Plenary Lecturers

Professor Sergios Theodoridis (National and Kapodistrian University of Athens, Greece / Aalborg University, Denmark)

Lecture Title: “Deep Neural Networks: A Nonparametric Bayesian View with Local Competition”

Abstract: In this talk, a fully probabilistic approach to the design and training of deep neural networks will be presented. The framework is that of the nonparametric Bayesian learning. Both fully connected as well as convolutional networks (CNNs) will be discussed. The structure of the networks is not a-priori chosen. Adopting nonparametric priors for infinite binary matrices, such as the Indian Buffet Process (IBP), the number of weights as well as the number of nodes or number of kernels (in CNN) are estimated via the resulting posterior distributions. The training evolves around variational Bayesian arguments.

Besides the probabilistic arguments that are followed for the inference of the involved parameters, the nonlinearities used are neither squashing functions not rectified linear units (ReLU), which are typically used in the standard networks. Instead, inspired by neuroscientific findings, the nonlinearities comprise units of probabilistically competing linear neurons, in line with what is known as the local winner-take-all (LTWA) strategy. In each node, only one neuron fires to provide the output. Thus, neurons, in each node, are laterally (same layer) related and only one “survives”; yet, this takes place in a probabilistic context based on an underlying distribution that relates the neurons of the respective node. Such rationale mimics closer the way that the neurons in our brain co-operate.

The experiments, over a number of standard data sets, verify that highly efficient structures are obtained in terms of number of units, weights and kernels as well as in terms of bit precision requirements at no sacrifice to performance, compared to previously published state of the art research. Moreover, such networks turn out to exhibit much higher resilience to attacks by adversarial examples.

The presentation mainly focuses on the concepts and the rationale behind the method and less on the mathematical details.

Professor Ali H. Sayed (EPFL, Switzerland)

Lecture Title: “Learning over Graphs”

Abstract: This talk explains how agents over a graph can learn from dispersed information and solve inference tasks of varying degrees of complexity through localized processing. The presentation also shows how information or misinformation is diffused over graphs, how beliefs are formed, and how the graph topology helps resist or enable manipulation.
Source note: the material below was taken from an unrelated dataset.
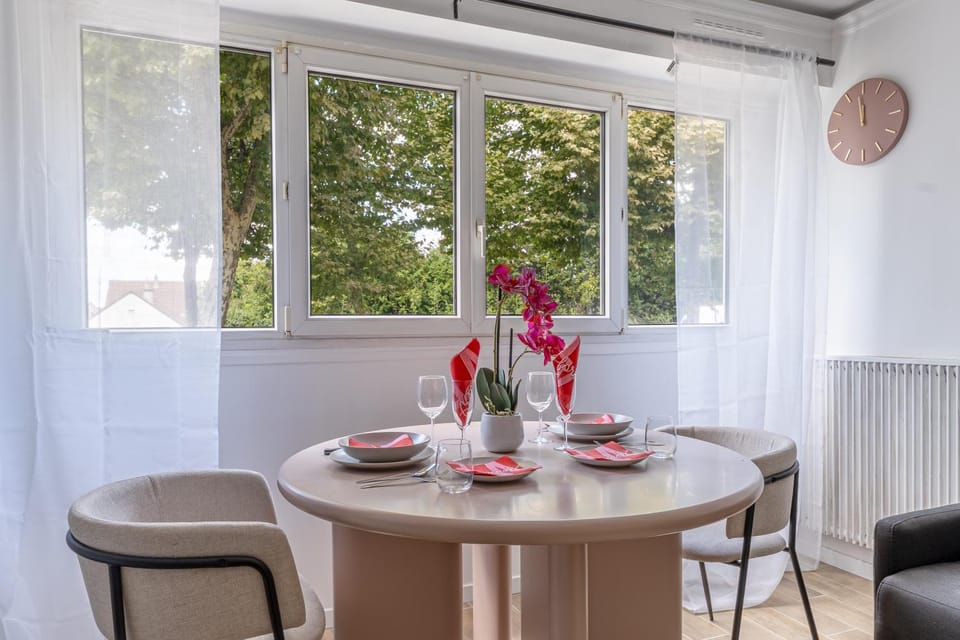 Magic Amour Love Room Apartment in Noisy-le-Grand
Examples will be considered in the context of social learning, teamwork, distributed optimization, and adversarial behavior.
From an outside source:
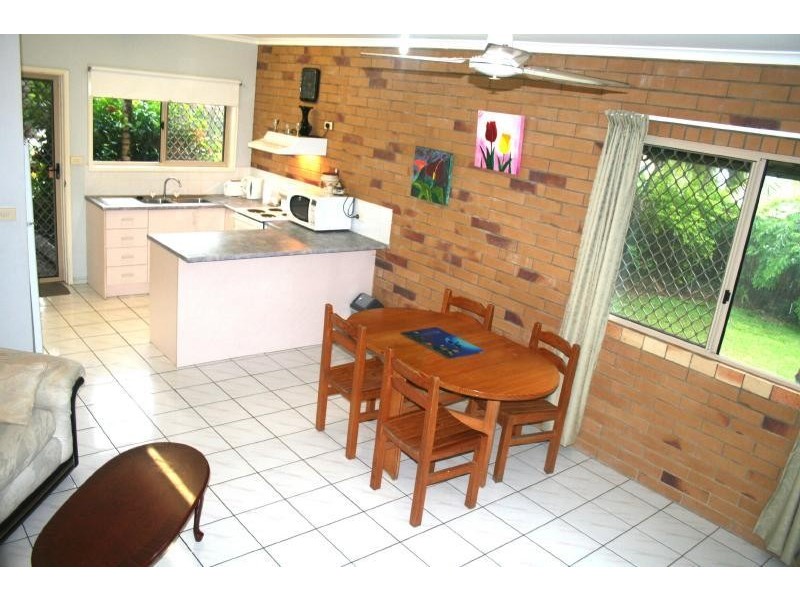 1/6 Grantala Street, Manoora QLD 4870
Professor Patrick L. Combettes (North Carolina State University, USA)

Lecture Title: “Signal Recovery and Synthesis from Nonlinear Equations Models”

Abstract: Building up on classical linear formulations, we posit that a broad class of problems in signal synthesis and in signal recovery are reducible to the basic task of finding a point in a closed convex subset of a Hilbert space that satisfies a number of nonlinear equations involving firmly nonexpansive operators. We investigate this formalism in the case when, due to inaccurate modeling or perturbations, the nonlinear equations are inconsistent. A relaxed formulation of the original problem is proposed in the form of a variational inequality. The properties of the relaxed problem are investigated and a provenly convergent block-iterative algorithm, whereby only blocks of the underlying firmly nonexpansive operators are activated at a given iteration, is devised to solve it. Numerical experiments illustrate robust recoveries in several signal and image processing applications.